Your example re: Cassandra is a problem with a particular example of columnar
based time series database, not inherently with using columnar-store based
backends for time series data.

At Kentik, our in-house backend deals with 80+ columns wide (what would be
tags in TSDB) for primarily network data, and querying across tens of billions
of records (tens of devices of data for 90 days) usually takes .5-2 seconds.

That's deployed on ~7 backend data nodes, running heavily multi-tenant with
300k-2m records/second ingested and averaging 450 queries/minute across a week
(don't have a peak query # handy).

But there's also nothing that says that a columnar store database can't have
indexes per column built-in (vs. external).

------
user5994461
> I'm only interested in time series databases for use by developers and
> operations to store and retrieve data that pertains to the health and
> performance of the services they build and operate. Everything in this blog
> will judge the entries based on their suitability for that task.

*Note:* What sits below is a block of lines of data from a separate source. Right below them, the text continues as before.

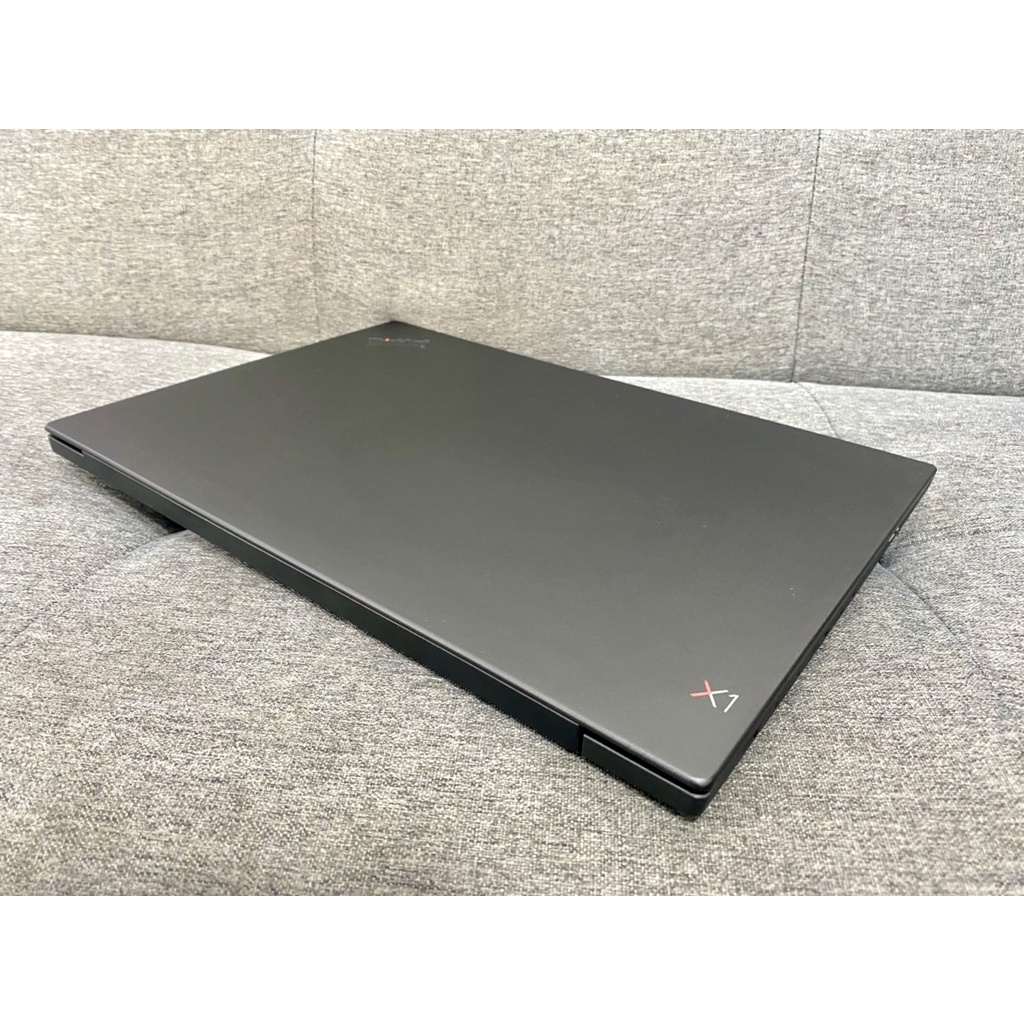 Thinkpad X1 Extreme i7-8850H l RAM 16G l SSD 256G l VGA 1050 Ti l 15' UHD 4K  Like New 99%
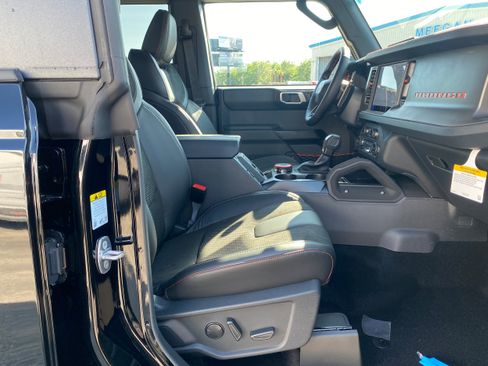 New 2026 Ford Bronco Raptor AWD/4WD image 33
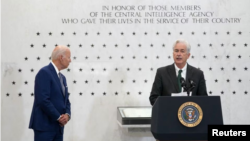 ویلیام برنز، رئیس سازمان اطلاعات مرکزی آمریکا در کنار جو بایدن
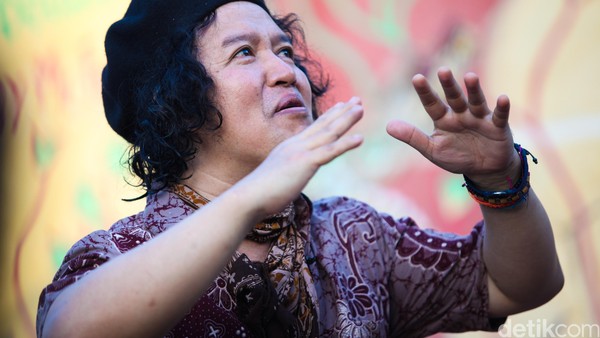 Bicara Gerhana Matahari dengan Andrea Hirata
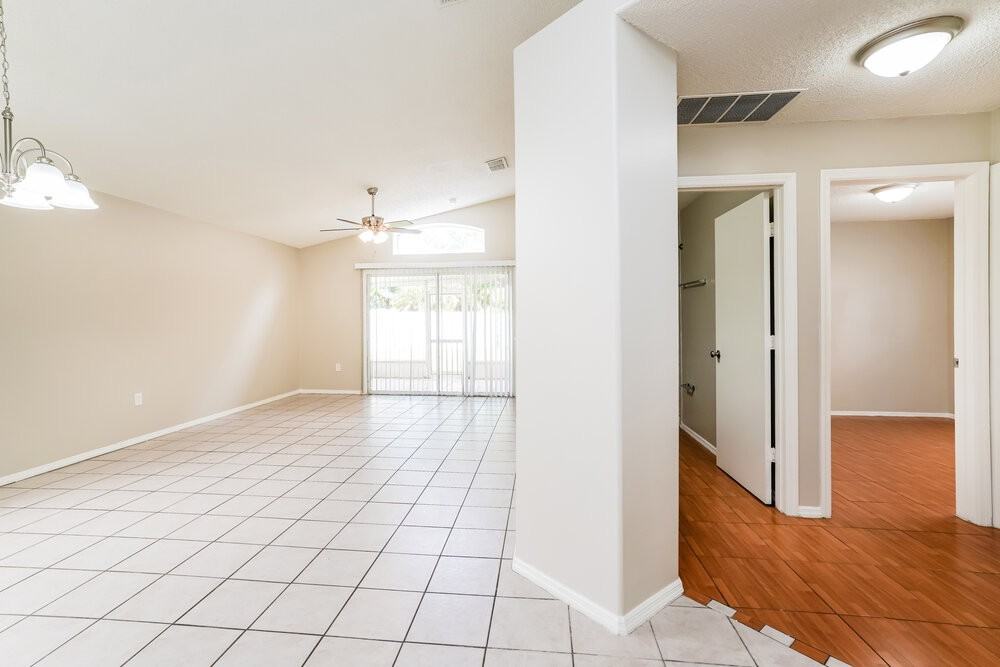 1227 Heather Lake Dr - Photo 5 of 16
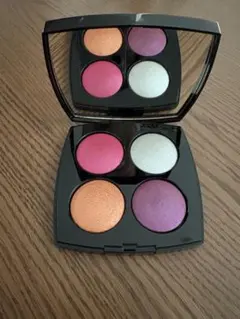 CHANEL アイシャドウチークパレット　エンチャンテッドナイト　限定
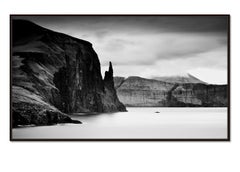 Trollkonufingur Monolith Panorama, Große Meereslandschaftsfotografie, limitierte Auflage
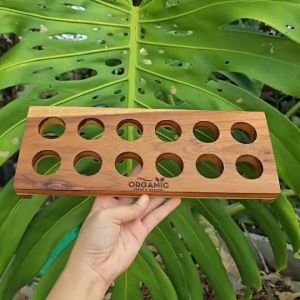 ที่วางไข่ เก็บไข่ ชั้นวางไข่ ไม้สักแท้ 12 ฟอง มีขาตั้ง ก12×ยาว32×หนา2 ซม. ถาดไข่ แท่นวางไข่ น้ำหนักเบา แข็งแรง ทนทาน ปลอดภัย ไม่เป็นอันตราย เลเซอร์ข้อความตามใจลูกค้า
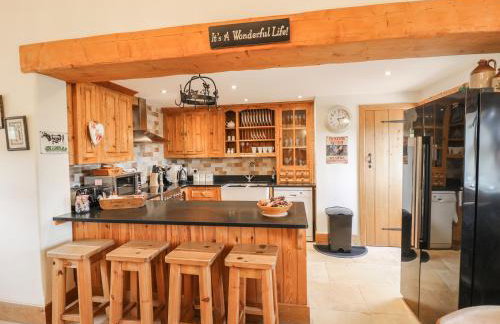 The Cow Barn - Photo 6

That is a very particular problem, in which the data storage is a minimal [yet
important] aspect of the full system.

You're probably going the wrong route if you're trying to redesign your own
and you'll only realize that way too late when you'll have to design your own
metrics collection, own graphing, own alerting, own...

The standard proven open-source stack:

collectd/statd (metrics collection + whipser/graphite (storage) + grafana
(cute graphs and dashboards).

The latest fad is to replace graphite with prometheus (which is better in some
aspects but has it own fault).

Both these open source tools will satisfy your purpose.

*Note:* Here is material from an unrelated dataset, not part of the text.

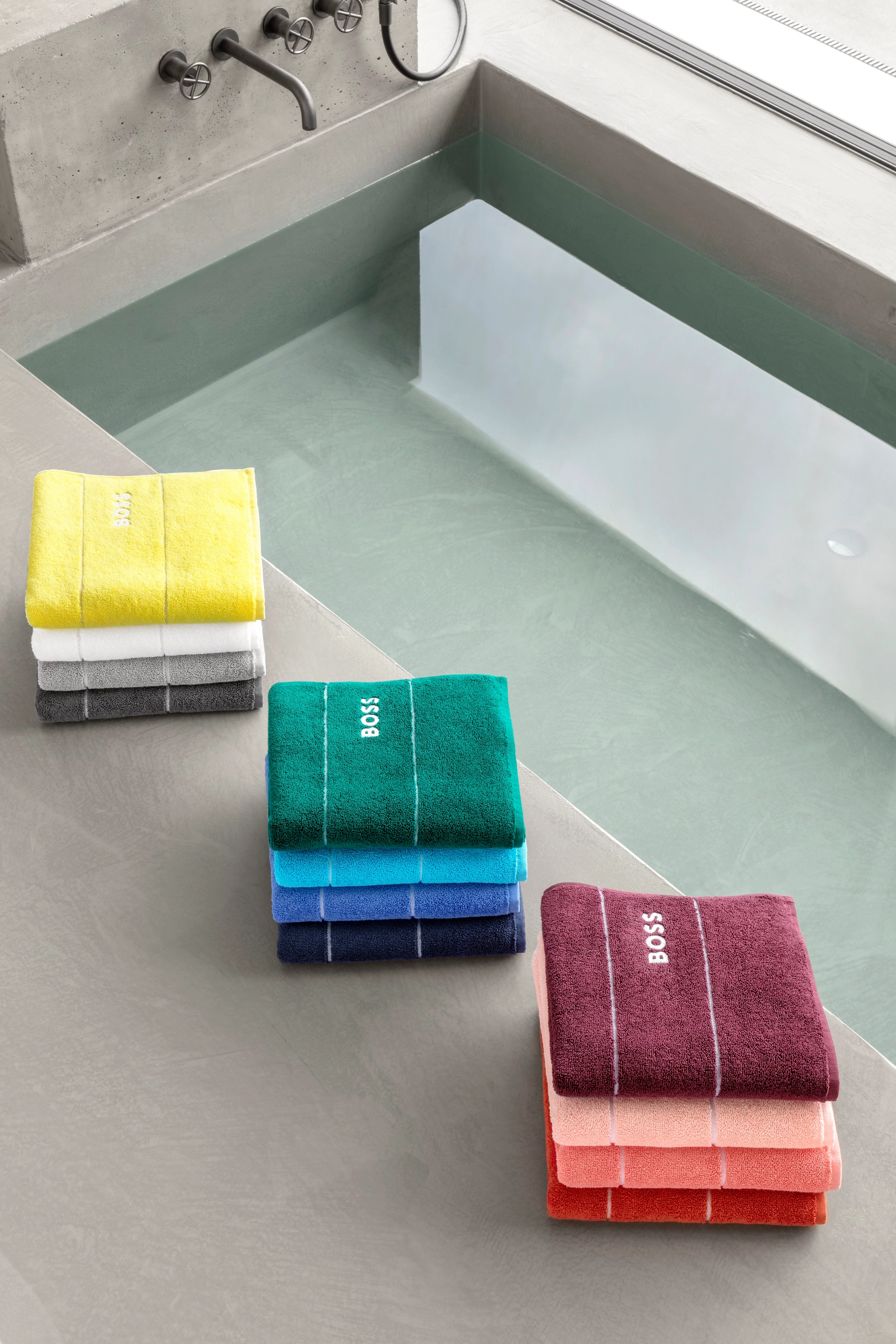 Boss Home Plain Bath Towel, 70X140 cm, Towels & Towels, Grau - Homeware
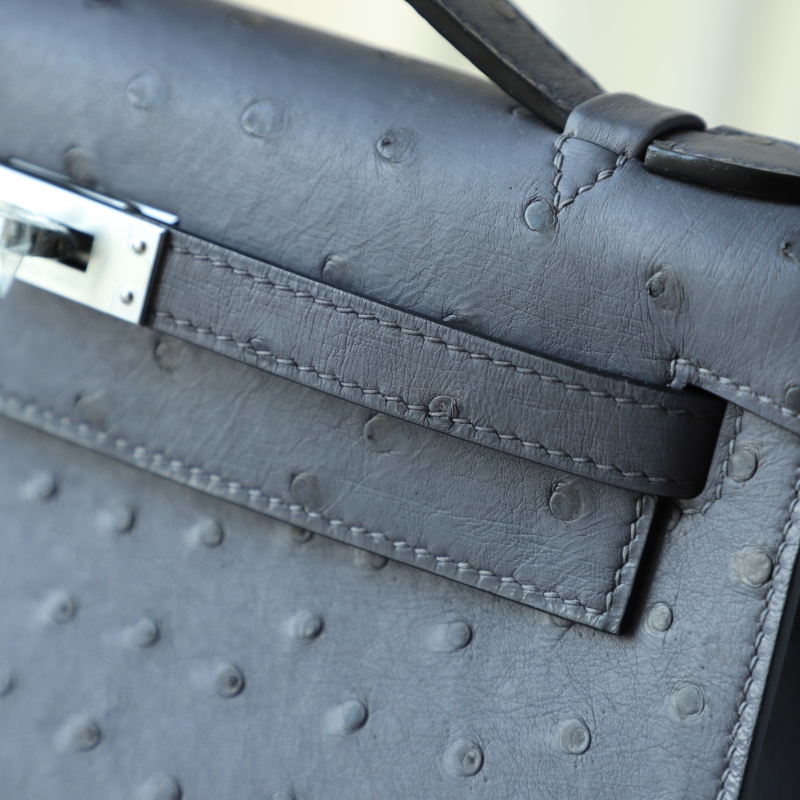 82 Agate Gris ostrich kelly pochette with phw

HARDCORE LIMITATIONS: Both these open source tools are entirely single node.
There is no form of sharding nor high availability nor horizontal scaling.

(Rules of thumb: Should be fine up to 100 hosts and applications. Then get
ready to throw big hardware and tune retention aggressively.)

\---

Some quick maths:

8 bytes per metrics * every 5 second = 967 kB per metrics over the week

967 kB per metric * 100 metrics per host * 100 hosts = ~10 GB per week for
high precision

Any of the parameter can spiral by tenfold (depending on the setup, retention,
hosts, metrics per app...). That means going straight into TB range and
scaling issues where one node is simply out of the question.

\---

It's pretty clear that the open source solutions don't scale and are hard to
maintain... so what's next when we outgrow them?

Switch to the latest generation of monitoring tools. The two best solutions
are datadog and signalfx. They both accept custom metrics from your app.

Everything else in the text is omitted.